La richiesta di condanna formulata ieri dalla Dda di Catanzaro, pari a sette anni e otto mesi di carcere per scambio elettorale politico-mafioso, a carico dell'ex presidente del consiglio regionale della Calabria Domenico “Mimmo” Tallini nell’ambito dell’inchiesta Farmabusiness è solo una tappa, seppur importante, del processo per cui peraltro lo stesso Tallini, unitamente a molti altri imputati, ha optato per il rito abbreviato.

Ma se il complesso procedimento penale in cui è coinvolto lo stesso Tallini è un iter giudiziario che, fino all’ultimo grado di giudizio, potrebbe riservare parecchie sorprese, durando inoltre molti anni, non altrettanto può dirsi sul piano politico. Che giusto o sbagliato, sia, è immediato. Un verdetto che dovrebbe quindi far scaturire subito una serie di conseguenze.
E già, perché ci sono momenti e situazioni da cui sul piano etico, prima che giuridico, non si dovrebbe “sfuggire”. E adesso, in attesa che la giustizia faccia il suo corso, sarebbe forse il caso di trarre delle conclusioni.

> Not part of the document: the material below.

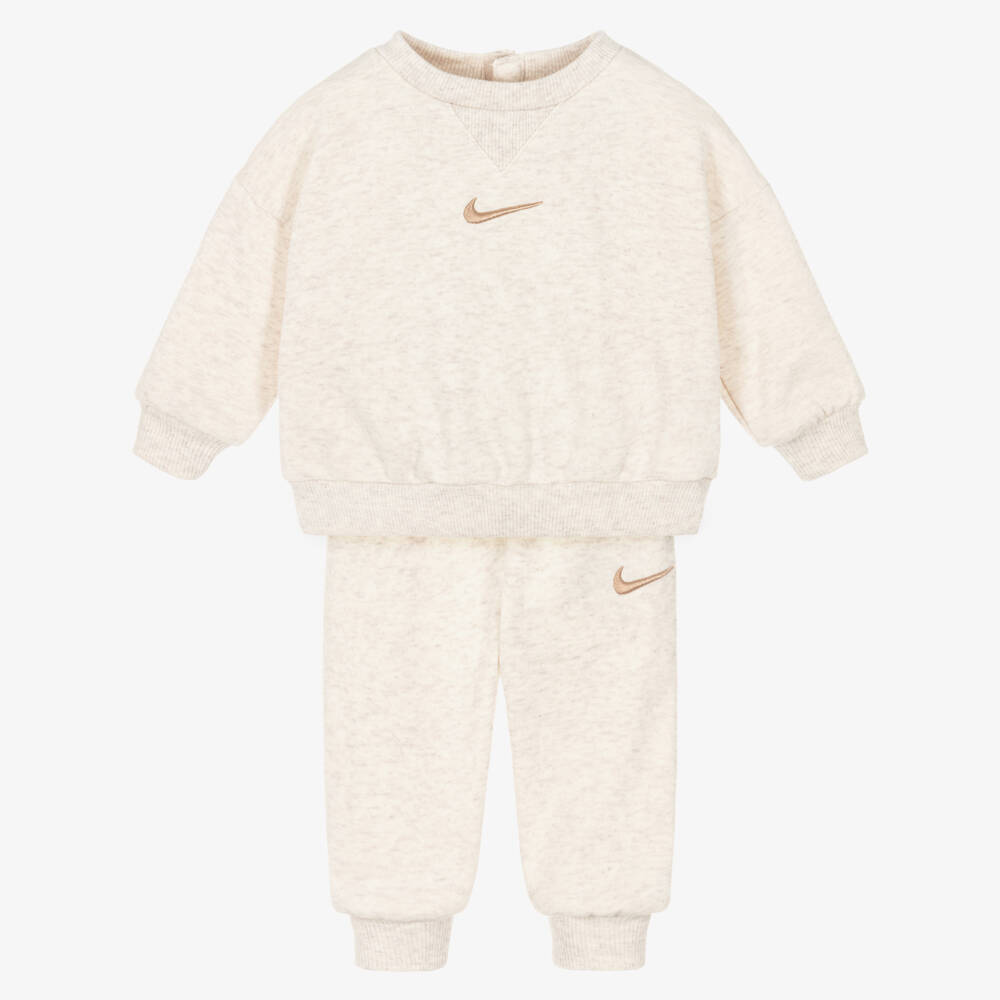 Nike-Ivory Cotton Baby Tracksuit with Embroidered Swoosh Logo | Childrensalon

La più immediata sarebbe probabilmente quella di fare un passo indietro (o almeno di lato) per chi, ancora oggi, è il coordinatore provinciale in carica di Forza Italia. E si badi, non regge a nostro avviso la tesi che le dimissioni suonerebbero come una sorta di ammissione di colpevolezza o, in subordine, una resa. Sarebbero invece da rubricare, al di là di tutto, alla voce: atto di responsabilità. Nessuno dovrebbe infatti giudicare Tallini, o chiunque si trovasse nella sua posizione, al posto dei giudici sotto il profilo dei reati eventualmente commessi. Ma ben altro discorso è una disamina politica, magari partendo dal presupposto che non si dovrebbe ad esempio gestire (il condizionale è d’obbligo nella fattispecie, considerato come non sia previsto alcun divieto legislativo) una campagna elettorale come quella - ormai sempre più imminente - per le Amministrative del capoluogo da una postazione importante - anzi, chiave - se c’è un sospetto (allo stato più o meno di questo parliamo, per carità) di una colpa grave come l’ancora presunta intesa con una consorteria malavitosa della mafia più potente al mondo.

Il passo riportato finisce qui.